There’s no word yet on who, if anyone, is doing the voice work. I’d love for someone like Lance Henriksen, who was involved in the original movie, to do some, but since the story’s supposedly set just after Alien 3, with a new squad of marines sent to search for Ripley, Hudson, Hicks and the rest, I doubt it.
Mind you, writers Bradley Thompson and David Weddle were involved in the Battlestar Galactica re-imagining, of which I’m a big fan, and Syd Mead, the concept artist for the Aliens movie, is on board with the game, so we can expect a decent plot and a decent look.
Aliens: Colonial Marines is due out in February.
The reboot of the increasingly tired-looking Tomb Raider franchise is due out in March. Square Enix say this will be an entirely new continuity, with a new backstory for Lara Croft.
I was one of the lucky ones who got on the Tomb Raider demo at Games12, and while there are some similarities with the old games (such as touches of the old 3D platformer, and a bit of puzzle solving) there’s an entirely new look and feel to the game.
Gone is the over-endowed cartoon Lara of the early outings.

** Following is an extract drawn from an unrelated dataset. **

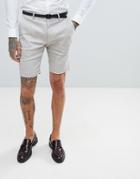 Twisted Tailor Wedding Shorts In Stone Linen - Stone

Lara’s appearance has become increasingly realistic over the years, but she’s never looked more like a properly proportioned woman than she does in this.
What the demo didn’t show is the controversial attempted rape scene. Square Enix seems to be doing some damage limitation after the initial backlash, saying it’s intended to be an emotional moment where Lara is first forced to kill, rather than turning her into a sexual assault survivor. We’ll have to wait and see.

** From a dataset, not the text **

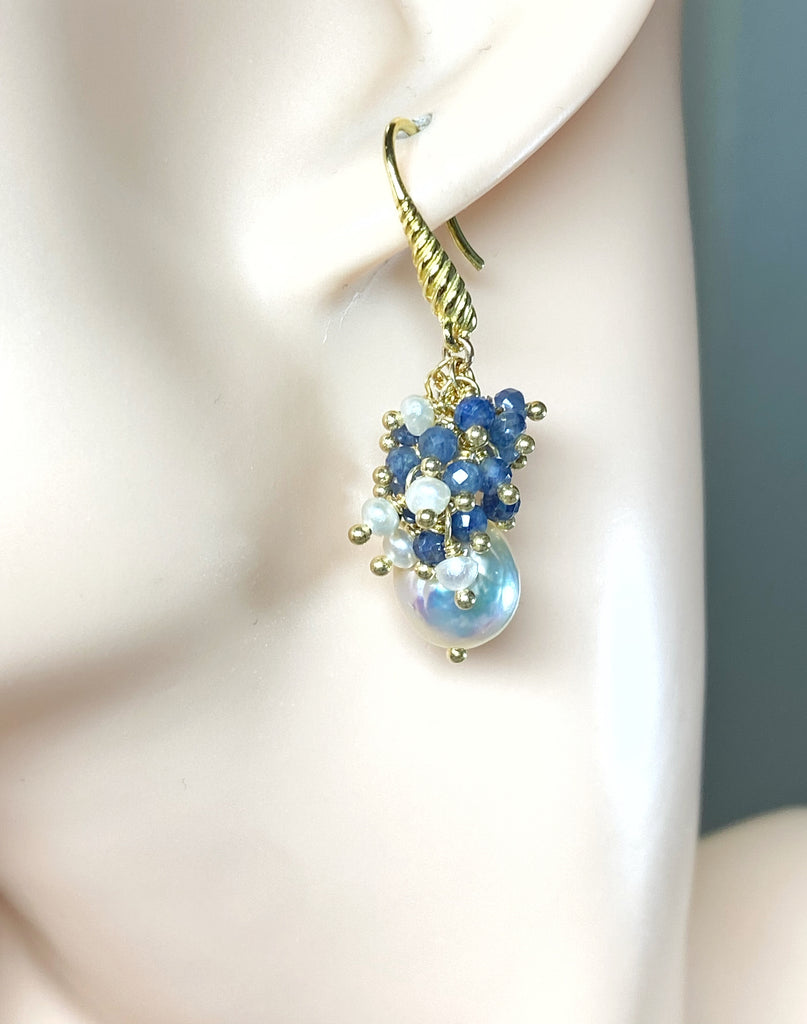 Baroque Edison Pearl and Blue Sapphire Cluster Earrings Gold Fill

What’s been revealed of the plot so far indicates that the game’s less about raiding tombs than it is about survival and adventure. Lara’s one of a number of passengers shipwrecked on an isolated island, and must learn survival techniques as well as cope with mercenaries sent to kill her.
Main writer for the new game is fantasy author Terry Pratchett’s daughter Rhianna Pratchett, whose past credits include Mirror’s Edge, Prince of Persia, several of the Overlord series and Heavenly Edge.

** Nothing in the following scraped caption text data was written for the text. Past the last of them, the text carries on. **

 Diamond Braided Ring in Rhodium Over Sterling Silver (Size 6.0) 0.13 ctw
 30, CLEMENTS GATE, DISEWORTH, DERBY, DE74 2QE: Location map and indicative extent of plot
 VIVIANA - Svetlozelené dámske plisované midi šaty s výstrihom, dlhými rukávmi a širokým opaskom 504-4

Lara was one of the early PlayStation and PC icons, but the franchise has become increasingly irrelevant to modern gamers. Let’s hope the reboot does what it’s supposed to do and puts Lara firmly back in the limelight. It may be her last chance to take centre stage.
Tomb Raider is due out in March.
GEARS OF WAR: JUDGEMENT
Every gamer has a special game or series that’s closer to their heart than any other, and the Gears of War series is mine. I love it with a passion bordering on obsession.
I love it so much that I have deliberately not finished the solo campaign from Gears 3. I’ve almost finished it, but not quite. My eldest lad, who has, has been sworn to secrecy. I intend to finish Gears 3 the week before Judgement comes out, just so I always have a little bit of Gears unplayed.
Naturally, I grabbed a chance to sample the new deathmatches at Games12, where I’m pleased to say I managed to take the high ground and rain death from above for a team win (and with a Lancer, rather than my preferred sniper rifle).
And although the new storyline – a prequel to the original Gears trilogy, exploring the early days of the Locust War – is supposed to feature Damon Baird and Augustus “Cole Train” Cole as the protagonists, I definitely saw Dom, with his Gears 3 full beard, in the demo.
Can we hope for a return of Dom in the campaign, or is he just available in multiplayer competitions? I’m hoping for the former.
While there’s not too much detail out on what the campaign storyline is, we do know that it’s being told as a series of flashbacks at the trial of Baird and Cole Train for treason.
We also know that Epic have hired a couple of serious writers, Rob Auten and Tom Bissell, to script it. Bissell’s work has won him the 2010 Guggenheim Prize and the Rome Prize.
Literary types on Gears? The series renowned for its over-the-top violence and cartoonish characters? Are they kidding? Maybe not. An interview on eurogamer.net reveals they’re both fans of Gears, who get where the series is coming from – though Bissell’s dismissal of a character in a shooter agonising over his lost wife as ‘bad writing’ leads me to suspect he didn’t enjoy Gears 2 very much.